**Aim of the exercise:**
Could you output the whole listing exactly as it stands, minus any images?

**Provided data:**
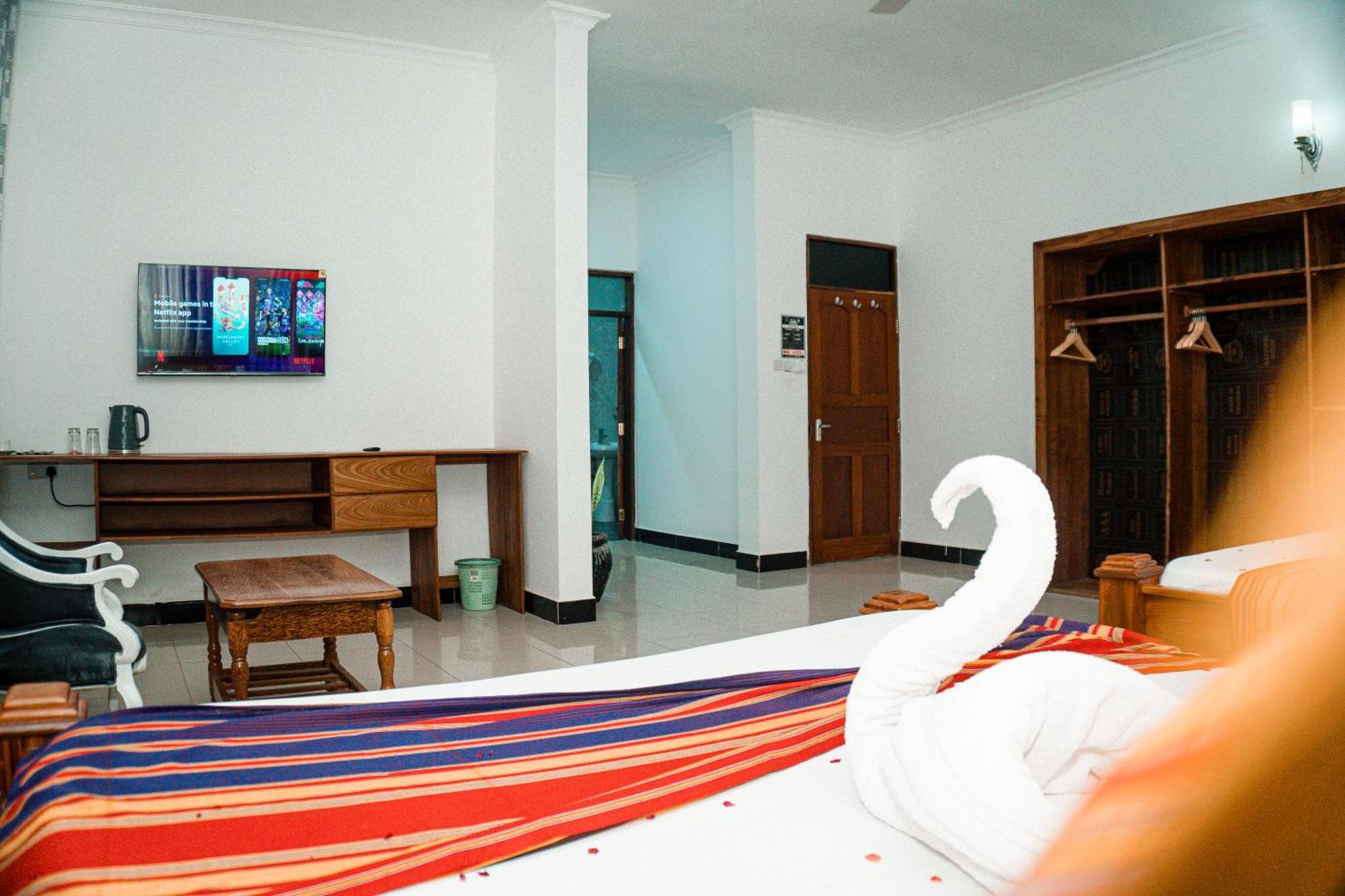 64 Zenj House Luxury Airport B&B Mbweni Exterior foto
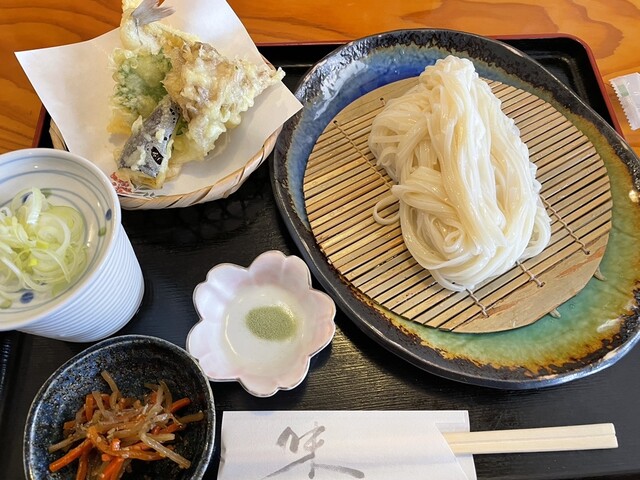 藤八堂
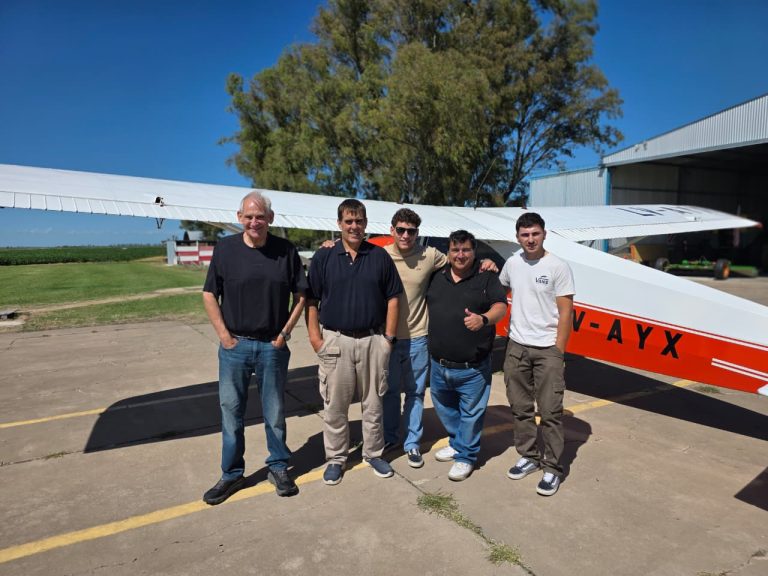 Tres nuevos pilotos obtuvieron su licencia en el Aeroclub de Intendente Alvear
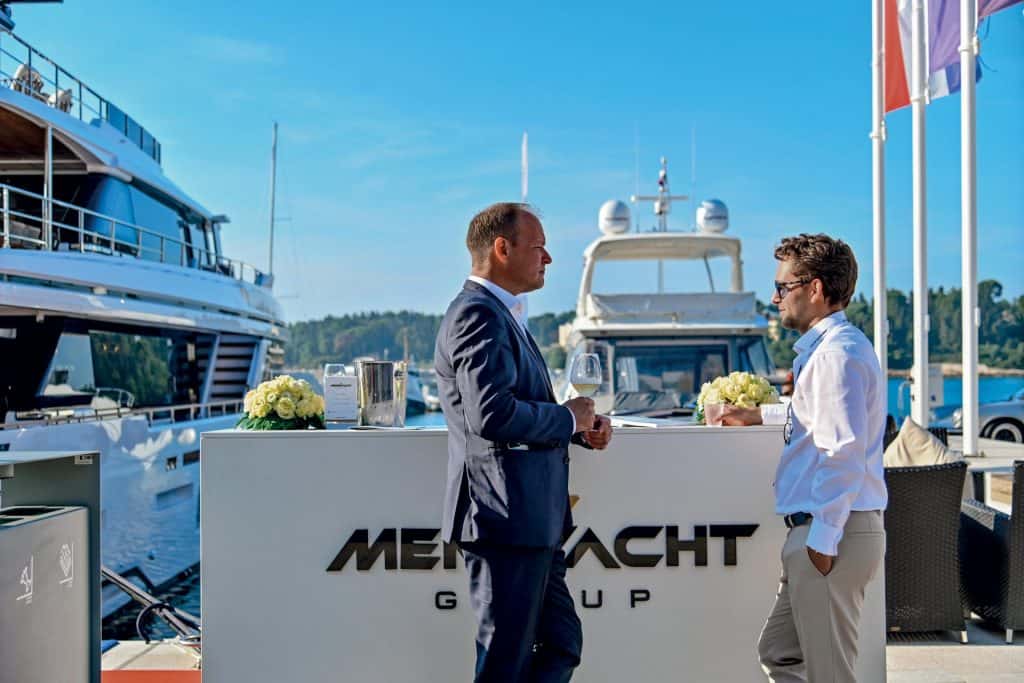 Custom Line Navetta 30 MennYacht 00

**Exercise solution:**
 64 Zenj House Luxury Airport B&B Mbweni Exterior foto
 藤八堂
 Tres nuevos pilotos obtuvieron su licencia en el Aeroclub de Intendente Alvear
 Custom Line Navetta 30 MennYacht 00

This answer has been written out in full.